Freshwater Fisheries Research Centre, 75350 Batu Berendam, Malacca, Malaysia.
N Biotechnol. 2011 Feb 28;28(2):146-52. doi: 10.1016/j.nbt.2010.10.008. Epub 2010 Oct 21.
The effect of different carbon and nitrogen sources on the production of mannan-degrading enzymes, focussing on β-mannanase, by Aspergillus niger was investigated using shake flask culture. The β-mannanase activity obtained during growth of A. niger on guar gum (GG, 1495 nkat mL(-1)) was much higher than those observed on other carbon substrates, locust bean gum (1148 nkat mL(-1)), α-cellulose (10.7 nkat mL(-1)), glucose (8.8 nkat mL(-1)) and carboxymethylcellulose (4.6 nkat mL(-1)).

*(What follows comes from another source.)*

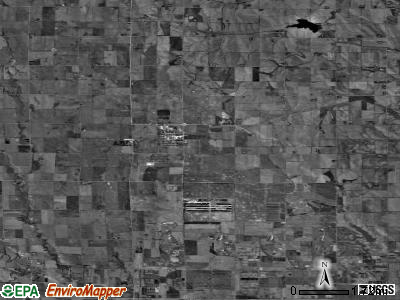 Zip code 68041 satellite photo by USGS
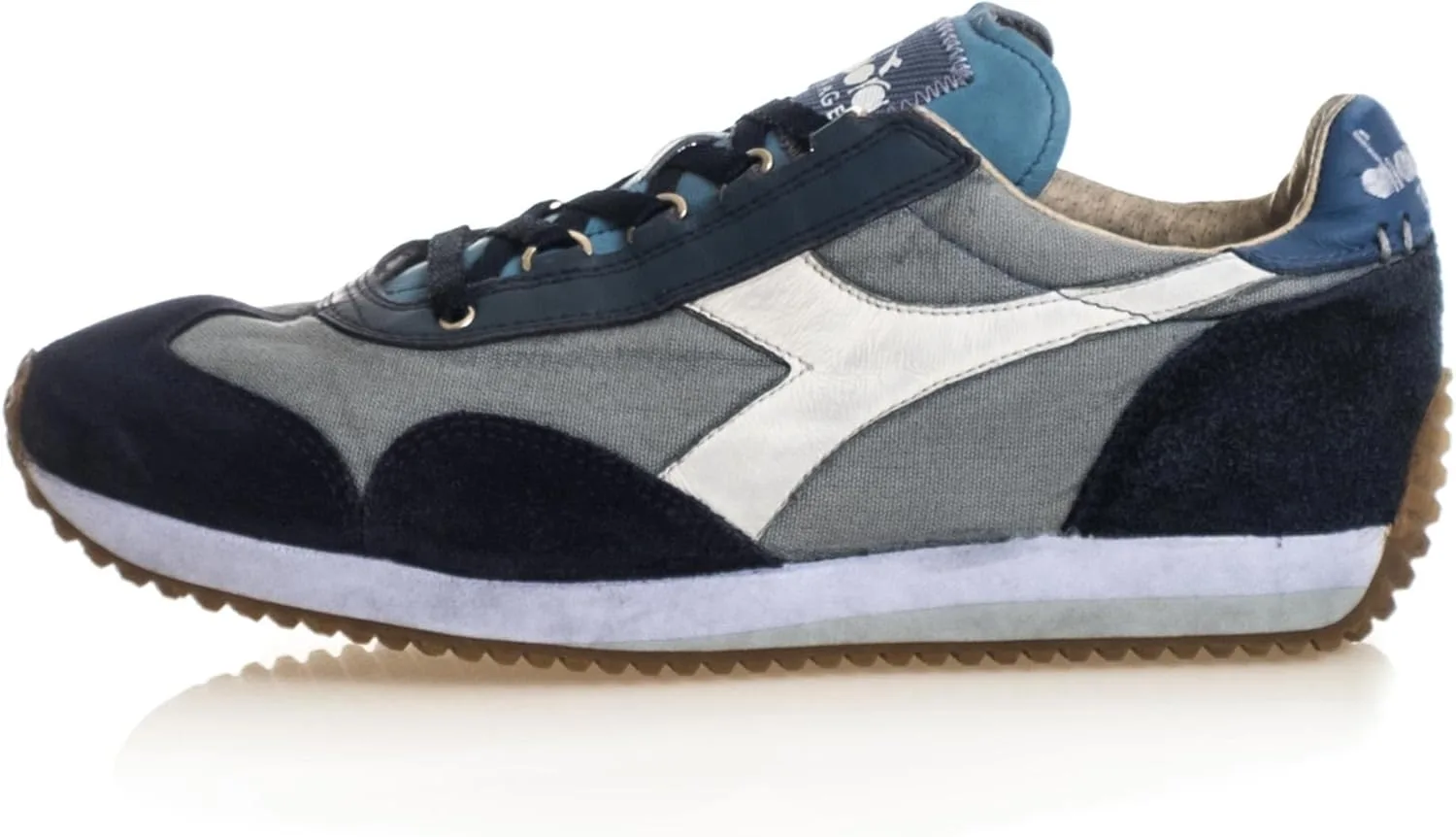 Кроссовки Diadora Uomo Heritage Equipe H Dirty Stone Wash Evo 201.174736.65060, синий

For fermentation using GG as a carbon source, bacteriological peptone gave the highest β-mannanase activity (1744 nkat mL(-1)) followed by peptone from meat (1168 nkat mL(-1)), yeast extract (817 nkat mL(-1)), ammonium sulphate (241 nkat mL(-1)), ammonium nitrate (113 nkat mL(-1)) and ammonium chloride (99 nkat mL(-1)) when used as a nitrogen source. The composition of bacteriological peptone and initial pH of the medium were further optimized using response surface methodology (RSM). Medium consisted of 21.3 g L(-1) GG and 57 g L(-1) peptone with initial culture pH of 5.5 was optimum for β-mannanase production (2063 nkat mL(-1)) by A. niger. The β-mannanase production obtained in this study using A. niger was significantly higher than those reported in the literature.

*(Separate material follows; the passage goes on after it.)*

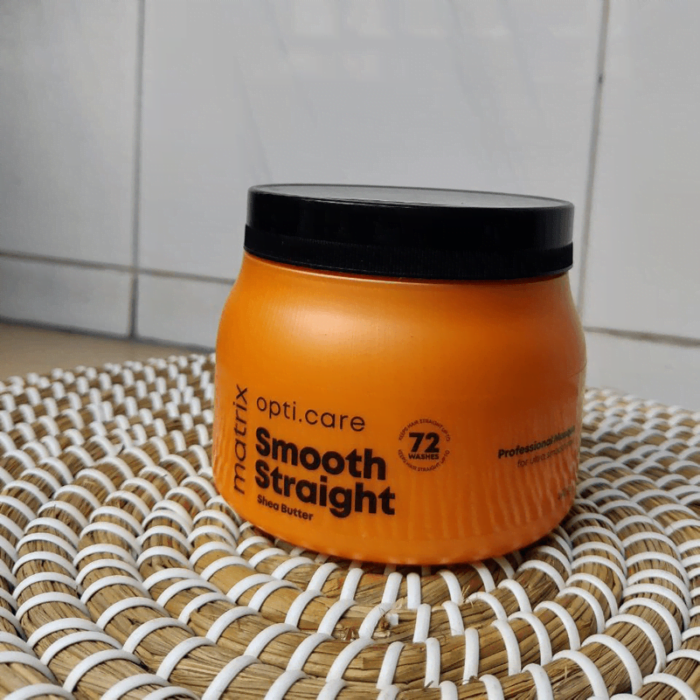 Matrix Opticare Smooth Straight Hair Mask Matrix Opticare Smooth Straight Hair Mask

采用摇瓶培养法研究了不同碳源和氮源对黑曲霉产甘露聚糖酶(尤其是β-甘露聚糖酶)的影响。黑曲霉在瓜尔胶(GG,1495 nkat mL(-1))上生长时获得的β-甘露聚糖酶活性远高于其他碳底物,如刺槐豆胶(1148 nkat mL(-1))、α-纤维素(10.7 nkat mL(-1))、葡萄糖(8.8 nkat mL(-1))和羧甲基纤维素(4.6 nkat mL(-1))。对于以 GG 作为碳源的发酵,细菌蛋白胨的β-甘露聚糖酶活性最高(1744 nkat mL(-1)),其次是肉蛋白胨(1168 nkat mL(-1))、酵母提取物(817 nkat mL(-1))、硫酸铵(241 nkat mL(-1))、硝酸铵(113 nkat mL(-1))和氯化铵(99 nkat mL(-1))。采用响应面法(RSM)对细菌蛋白胨的组成和培养基初始 pH 值进行了进一步优化。培养基由 21.3 g L(-1) GG 和 57 g L(-1)蛋白胨组成,初始培养 pH 值为 5.5 时,黑曲霉β-甘露聚糖酶的产量最高(2063 nkat mL(-1))。本研究中黑曲霉生产的β-甘露聚糖酶的产量明显高于文献报道的产量。